Evidentemente, un proyecto artístico y pedagógico de corte experimental, como el que Tavira desarrolla en el ex-molino de San Cayetano, no puede estar sujeto a rígidas calendarizaciones y depende por completo de la unidad de sus integrantes; pero una producción de la Compañía Nacional de Teatro (no importa cuán grande o corta sea la generosidad de sus recursos), con compromisos institucionales como el FIC, no puede depender de la salud física o mental de ninguno de sus participantes (en la ópera se trabaja con covers), ni siquiera –me atrevo a decirlo– del director.
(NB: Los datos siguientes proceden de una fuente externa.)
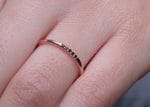 Τhin five diamond gold ring, 1.25mm - Image 4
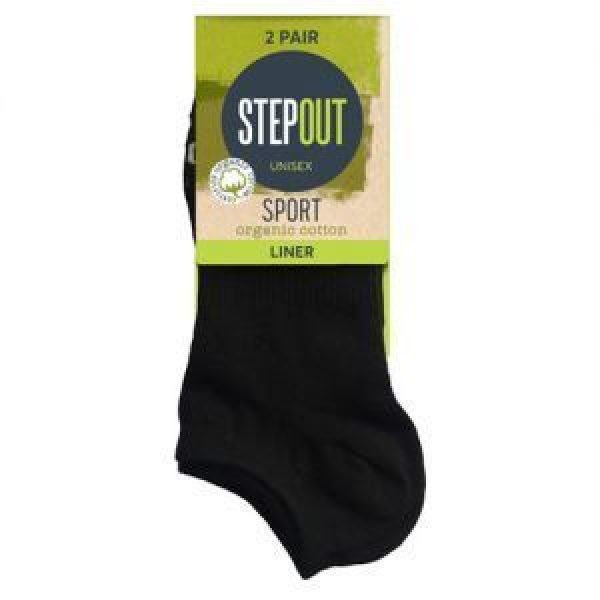 Stepout Nature Socks Organic Cotton Liner Sz35-38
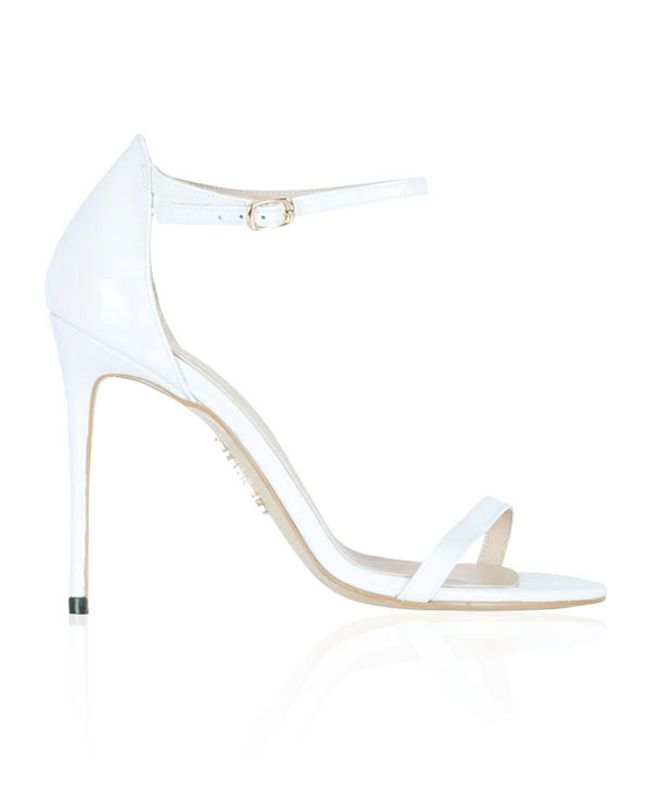 Sandalias House Of Cb Charol Leathers Blancas | AGZ-023856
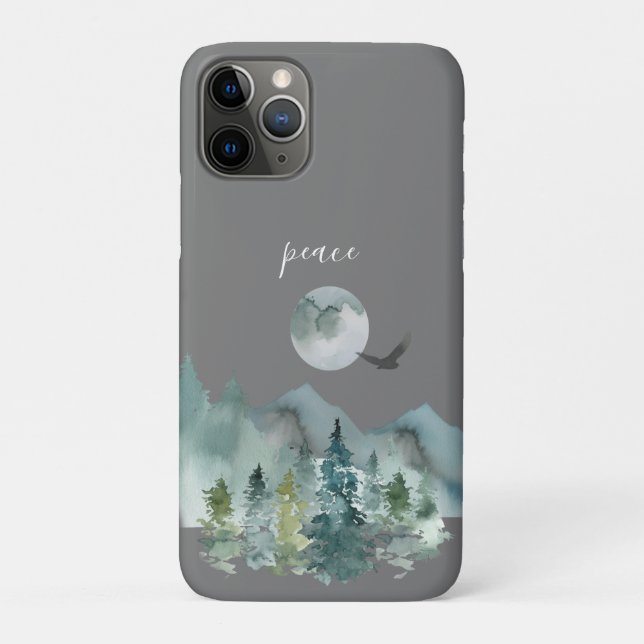 Funda De Case-Mate Para iPhone Serene Nights Mountain Landscape Peace (Reverso)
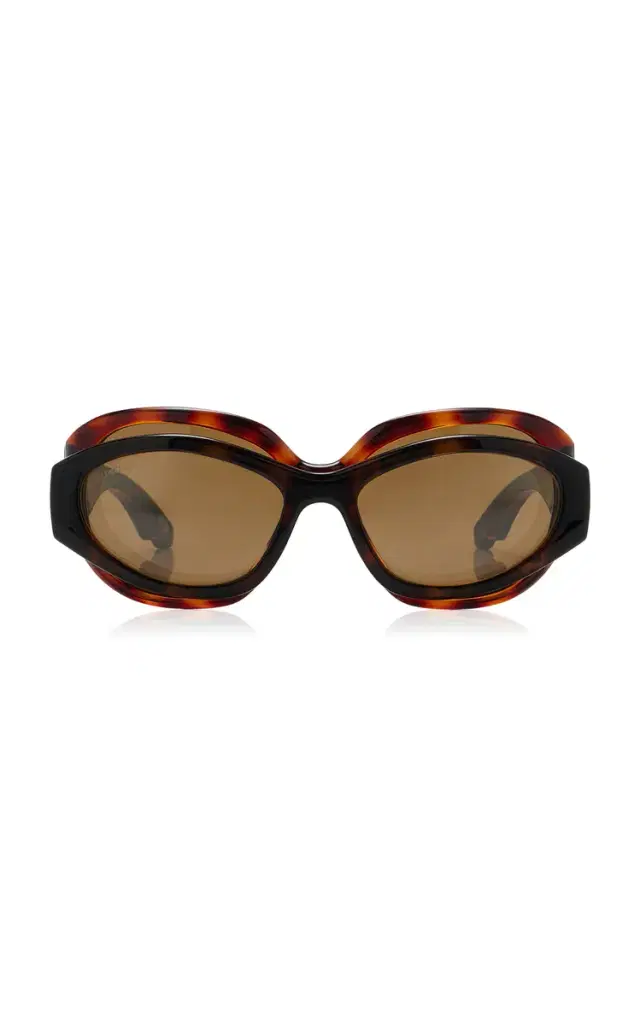 Balenciaga Superbusy Cat-Eye Acetate Sunglasses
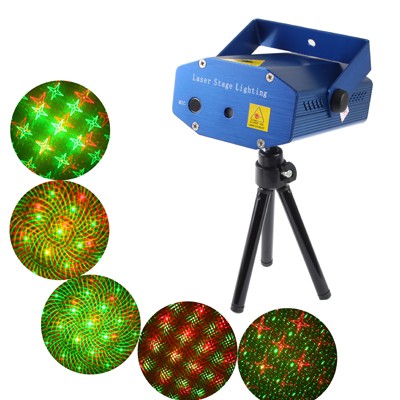 2-colors Mini Disco DJ Club Stage Light with Sound Active Function (YX-05)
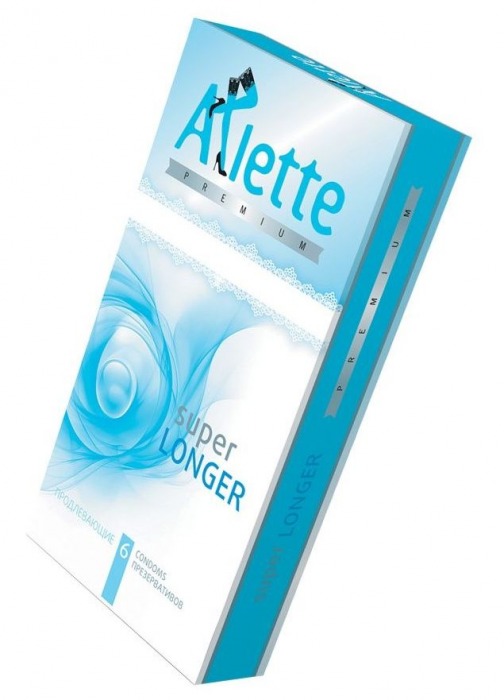 Презервативы Arlette Premium Super Longer с продлевающим эффектом - 6 шт. - Arlette - купить с доставкой в Краснодаре
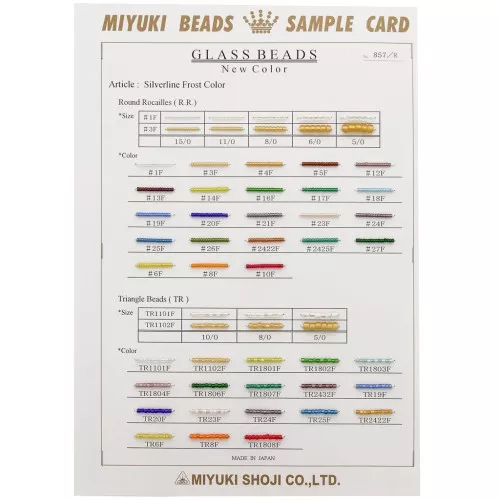 Carta de Colores (n°857/R) - Mat Silver Lined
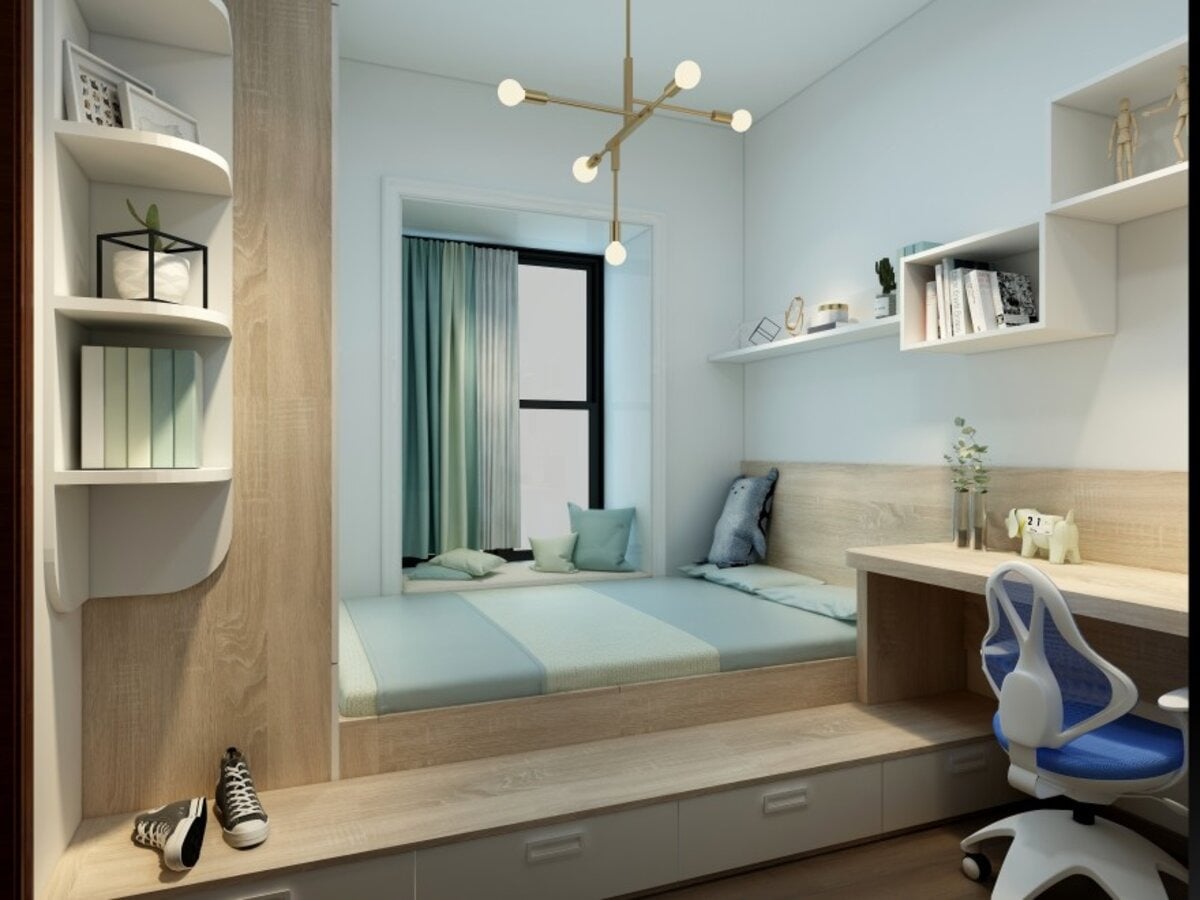 15+ c&aacute;ch trang tr&iacute;, decor ph&ograve;ng ngủ nhỏ đẹp, gọn v&agrave; tiện nghi 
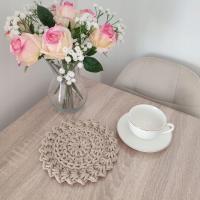 Podkładka pod kubki szydełkowa ze sznurka 20cm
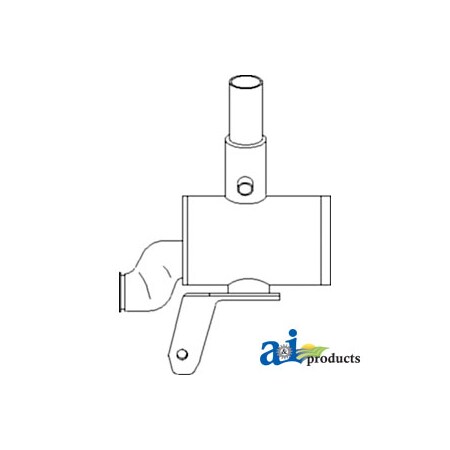 A & I Products Muffler 18.6" x18.4" x8.2" A-82009293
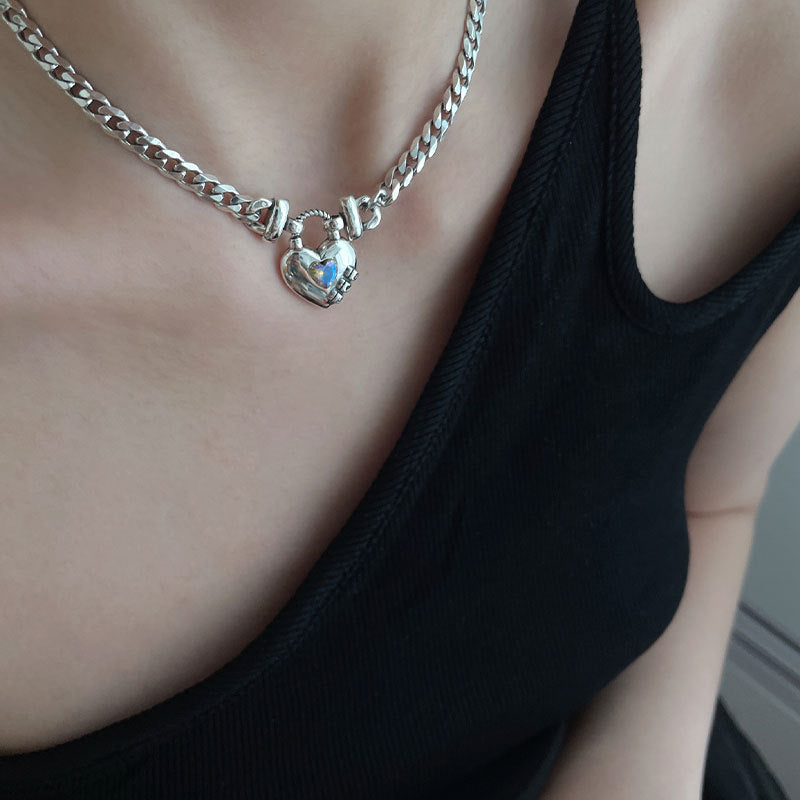 Vintage Zircon Love Necklace For Women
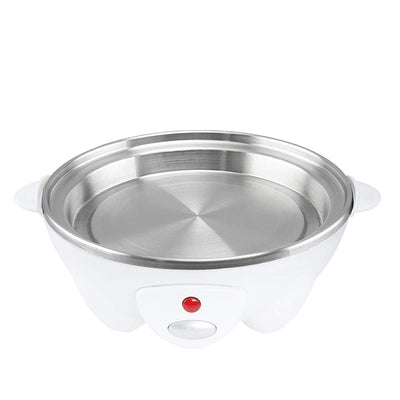 Brentwood Electric Boiled Egg Cooker for 7 Eggs with Omelet Tray, White (Used) - VMInnovations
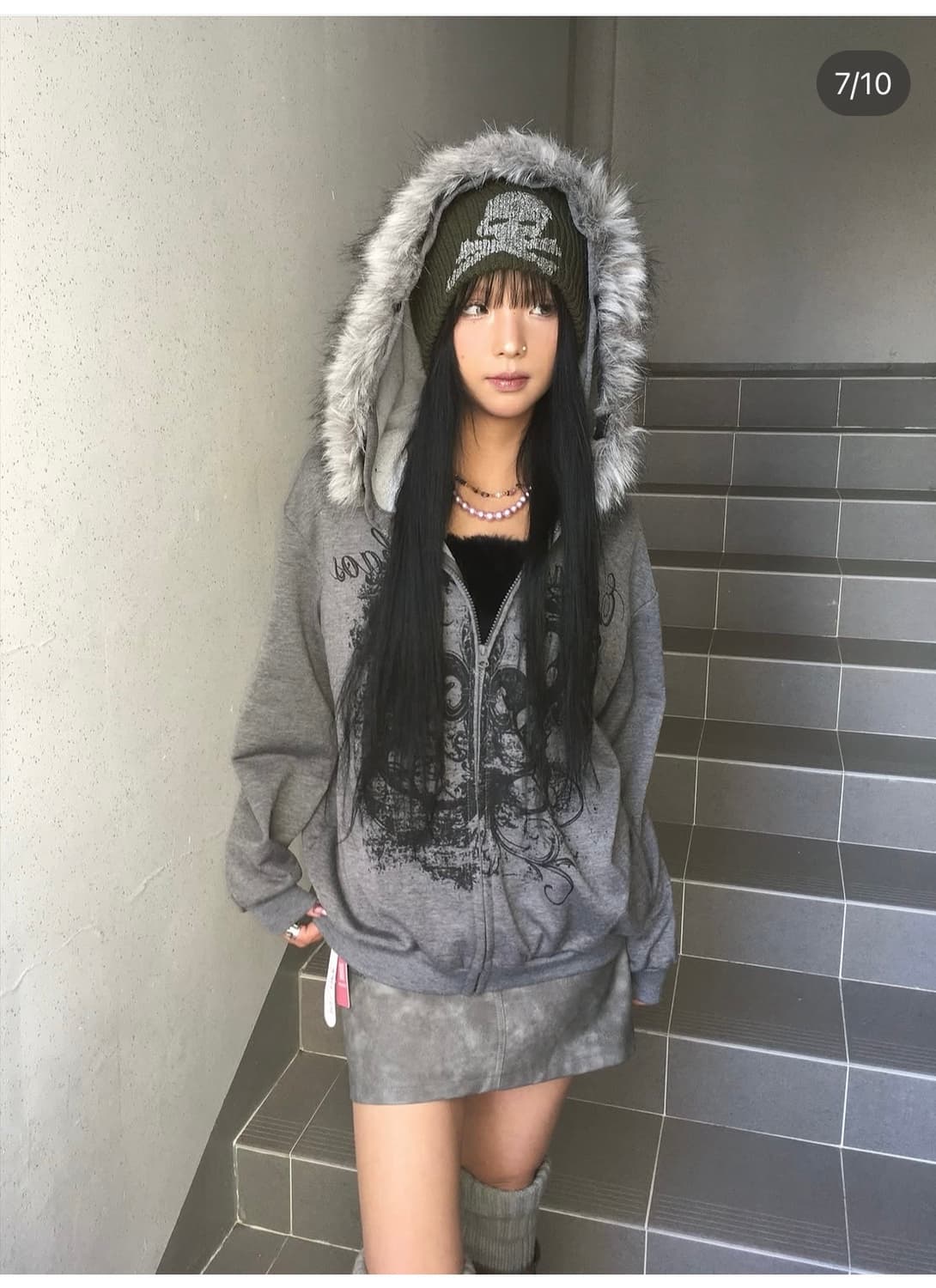 루즈레이크 Romwe 빈티지 후드집업 상품이미지4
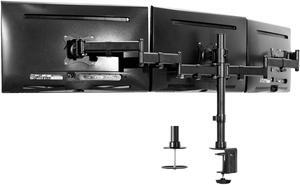 VIVO Triple Monitor Adjustable Mount Articulating Stand for 3 Screens up to 24"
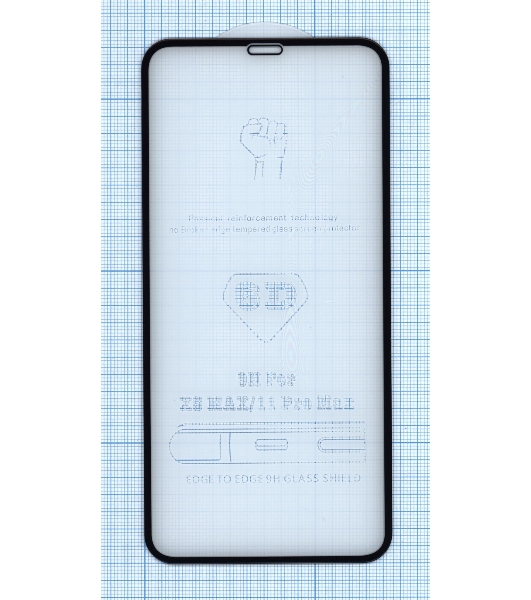 Защитное стекло 6D для Apple iPhone 11 Pro Max черный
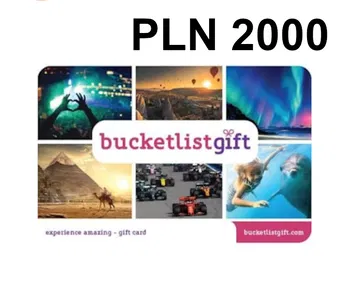 BucketlistGift 2000 PLN Gift Card (Poland)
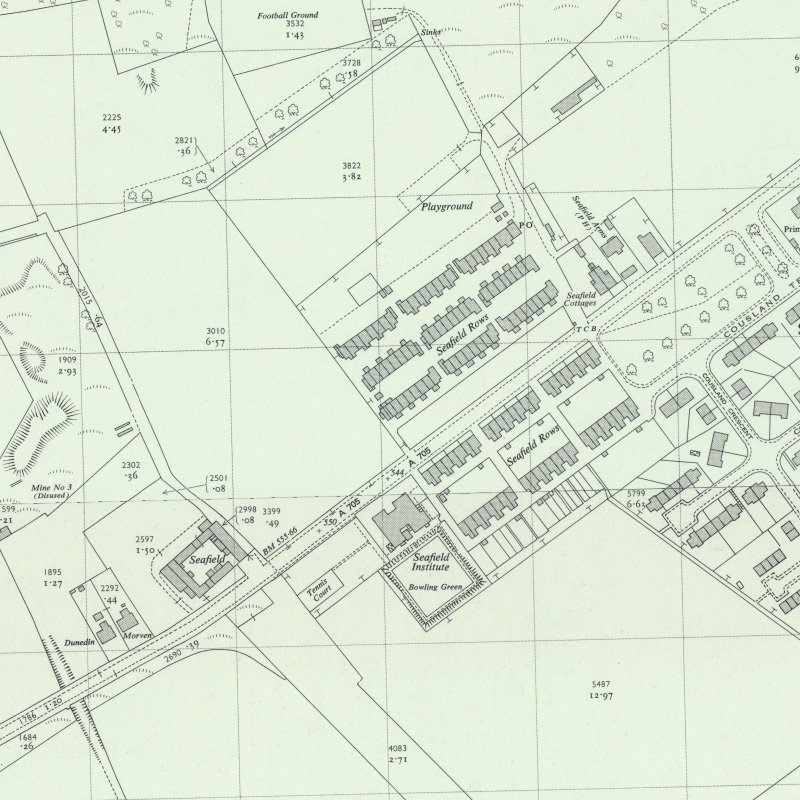 Seafield No.3 Mine - 1:2,500 OS map c.1959, courtesy National Library of Scotland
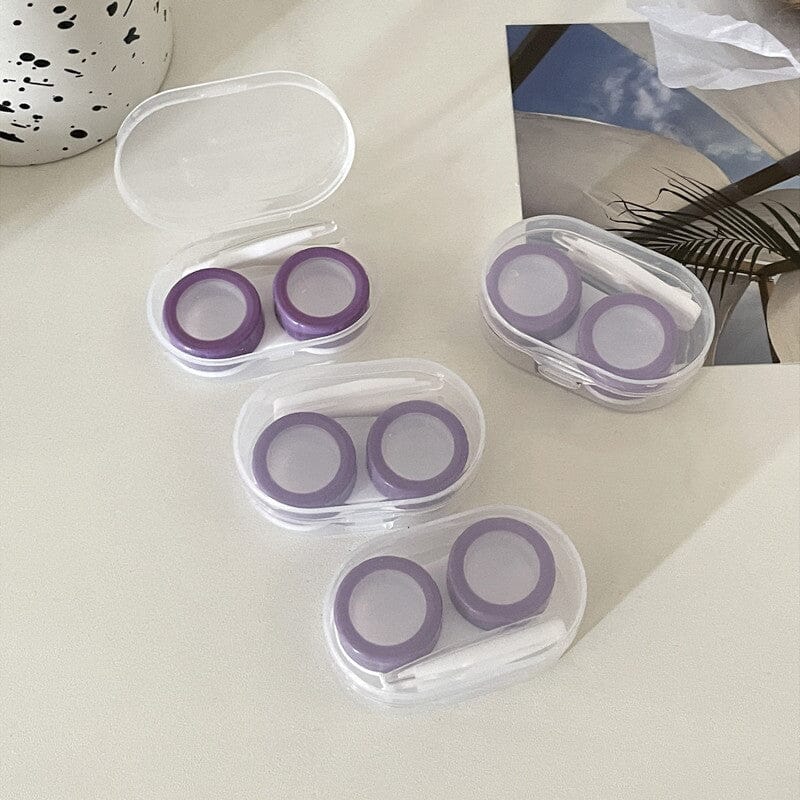 INS Morandi Girl Heart Colored Contact Lenses Case Beauon Taro Purple 65*65*19mm 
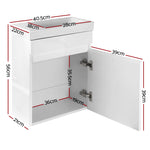 Vanity Unit 400Mm With Basin White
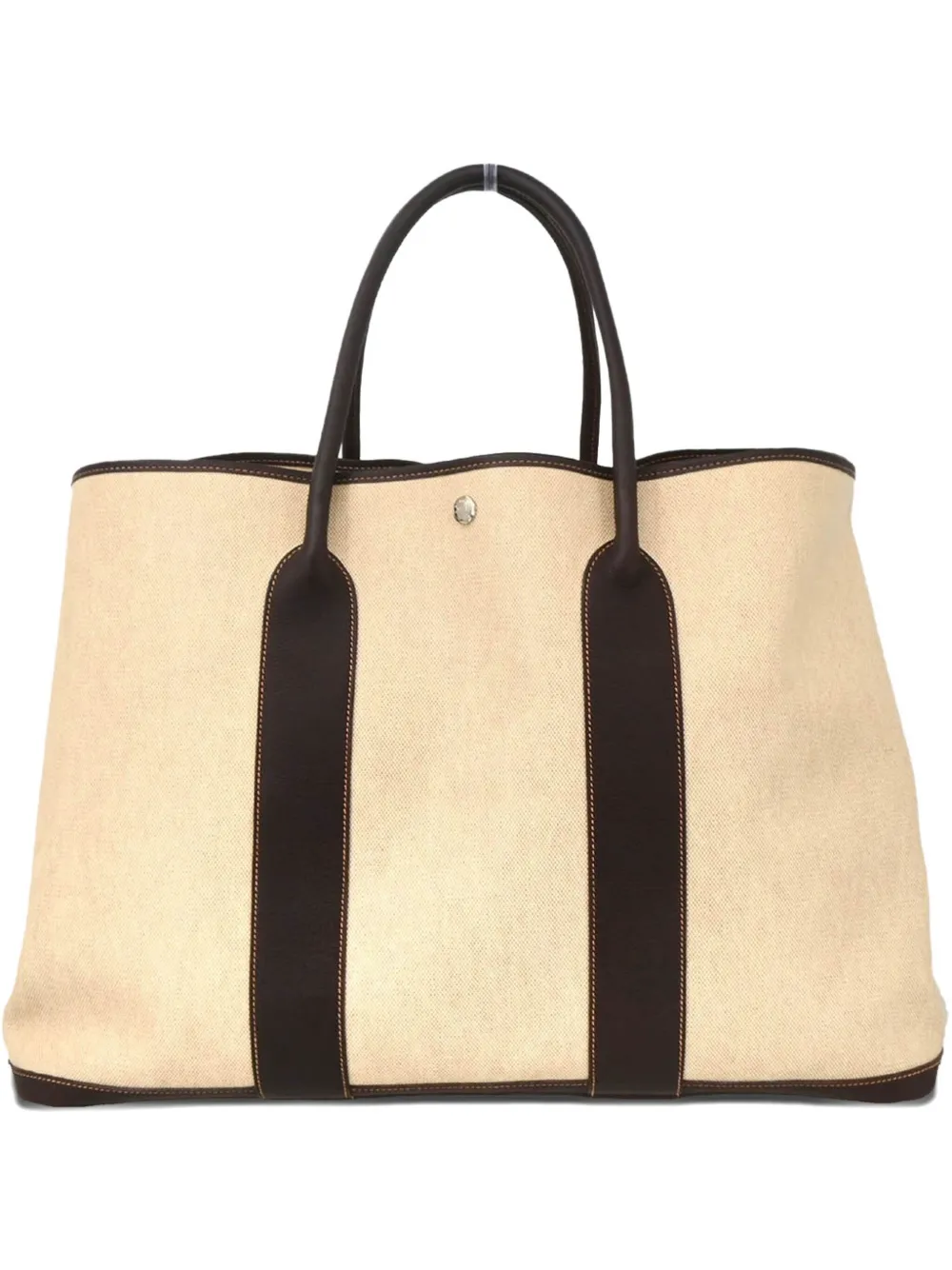 Hermès Pre-Owned 2002 Garden Party TGMcanvas tote bag | Neutrals | Image 1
Y ya que Santa Juana de los mataderos abre un ciclo propuesto por la Coordinación Nacional de Teatro del INBA, respecto a las relaciones entre el teatro y la sociedad, no está de más recordar la forma en que las condiciones de producción determinan la estética y la relación directa que se establece entre las prácticas específicas y la ética del oficio.
Una dificultad más para quien escribe la verdad
Lo que ciertamente no puede cuestionarse es el tino de la CNT para comenzar este ciclo justamente con Bertolt Brecht y, como lo señala Fernando de Ita en el Cuaderno del espectador dedicado a este montaje, la “pavorosa vigencia de la obra”.
En los tiempos de unilateralidad y ausencia de alternativas del “nuevo orden mundial”, la disección emprendida por Brecht –bajo su habitual disfraz alegórico– del sistema capitalista y sus interrelaciones con las estructuras religiosas, adquiere carácter de urgencia.
Pero, sobre todo, y a diferencia de la realidad europea donde el discurso brechtiano carece ya de sentido, en nuestras latitudes, el primer mandamiento de su teatro se hace indispensable: llamar a las cosas por su nombre, hacer uso de la verdad como algo práctico, concreto e irrefutable.